I noticed the machine did not prompt me for a hostname on first boot. Changing the hostname would be helpful during configuration after first boot.
I wanted to install or configure OpenSSH for remote access. I looked for the ip address using ifconfig but the utility is missing. It would probably be helpful if OpenSSH had a mini-wizard and/or ifconfig was present.
I also noticed dnf does not work after an install. After logging in locally as root and running 'dnf update':
Error: Failed to synchronize cache for repo 'fedora'
That means I can't install Emacs to make configuration changes, or developer tools like GCC, Git, GDB, Make, Autoconf, Automake, etc. I also have not been able to install openssh-server.
I think it would be helpful if the image included:
1) Emacs to make configuration changes 2) ifconfig to view network configuration 3) OpenSSH server enabled with a default password 4) Well configured DNF to install and update software
Jeff
On Fri, Mar 1, 2019, 8:06 PM Jeffrey Walton <noloader@gmail.com wrote:
- ifconfig to view network configuration
ifconfig is something deprecated nowadays, you should go with ip command
$ ip addr
3) OpenSSH server enabled with a default password
If I'm not wrong, ssh is enabled by default. Once you know your IP address, you can login with the regular user (not root) created during initial setup
4) Well configured DNF to install and update software
I suspect that your network is not working, since the right dnf repos are in place by default.
Greetings, A.
On Fri, Mar 01, 2019 at 02:05:30PM -0500, Jeffrey Walton wrote:
I wanted to install or configure OpenSSH for remote access. I looked for the ip address using ifconfig but the utility is missing. It would probably be helpful if OpenSSH had a mini-wizard and/or ifconfig was present.

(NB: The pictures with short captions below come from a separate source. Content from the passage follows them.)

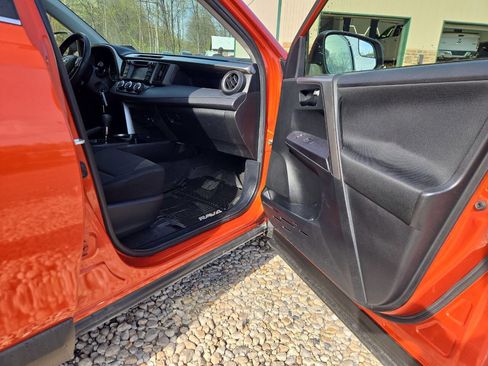 Used 2016 Toyota RAV4 LE AWD/4WD image 23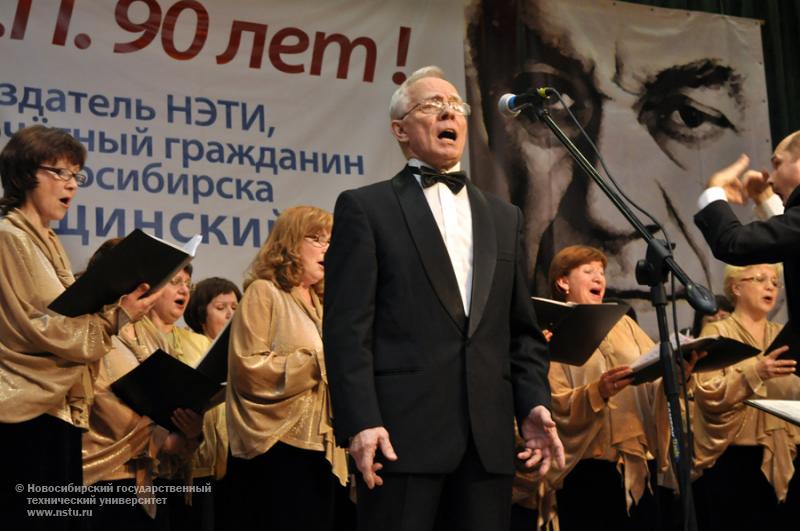 06.11.12 90-летие со дня рождения Г. П. Лыщинского . Б. Назаров, выпускник НЭТИ 1965 г., солист Новосибирской государственной филармонии, заслуженный артист России, фотография: В. Кравченко
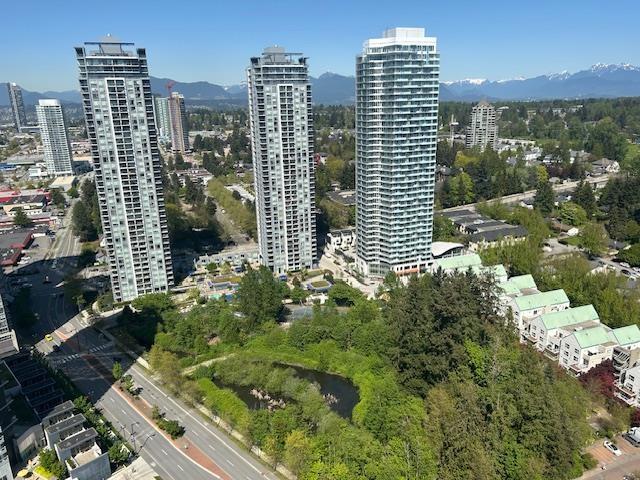 2407 13725 GEORGE JUNCTION, surrey, British Columbia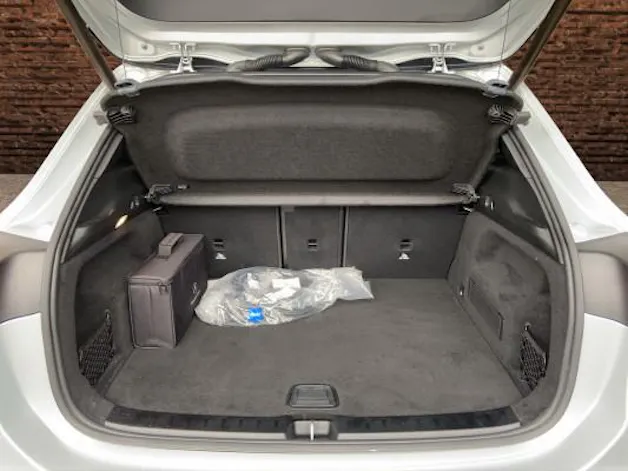 MERCEDES-BENZ EQA 350 AMG Line 4Matic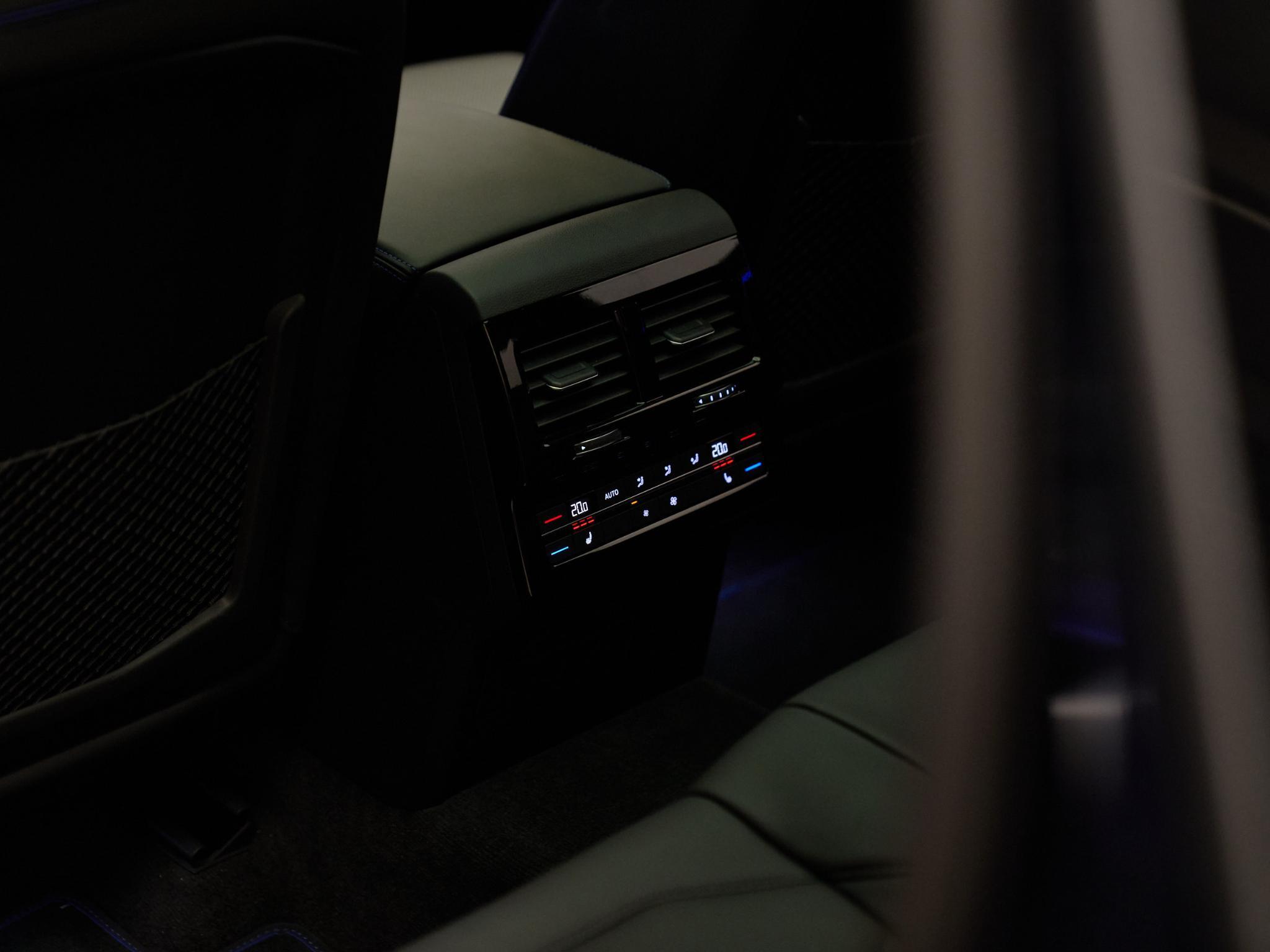 Volkswagen Touareg - 29
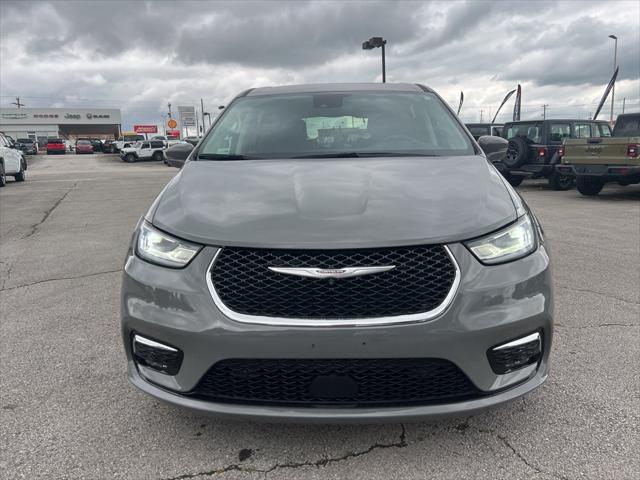 2022 Chrysler Pacifica Hybrid Touring L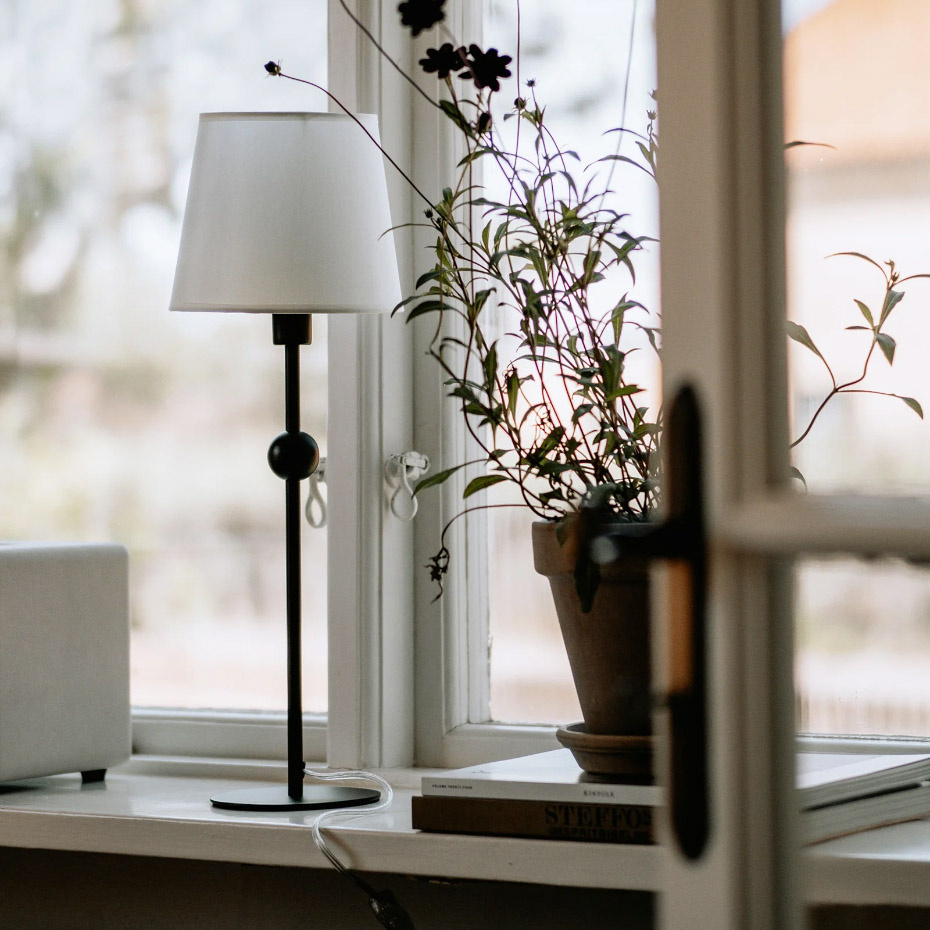 Astrid Bordslampa Svart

Is /sbin/ip there? That's a newer tool which interfaces better with the modern networking stack in Linux. (I know this is one of these frustrating "hey they moved my cheese" things for us old school sysadmins, but there it is.)
I also noticed dnf does not work after an install. After logging in locally as root and running 'dnf update': Error: Failed to synchronize cache for repo 'fedora'
This should just work out of the box, once the network is configured of course.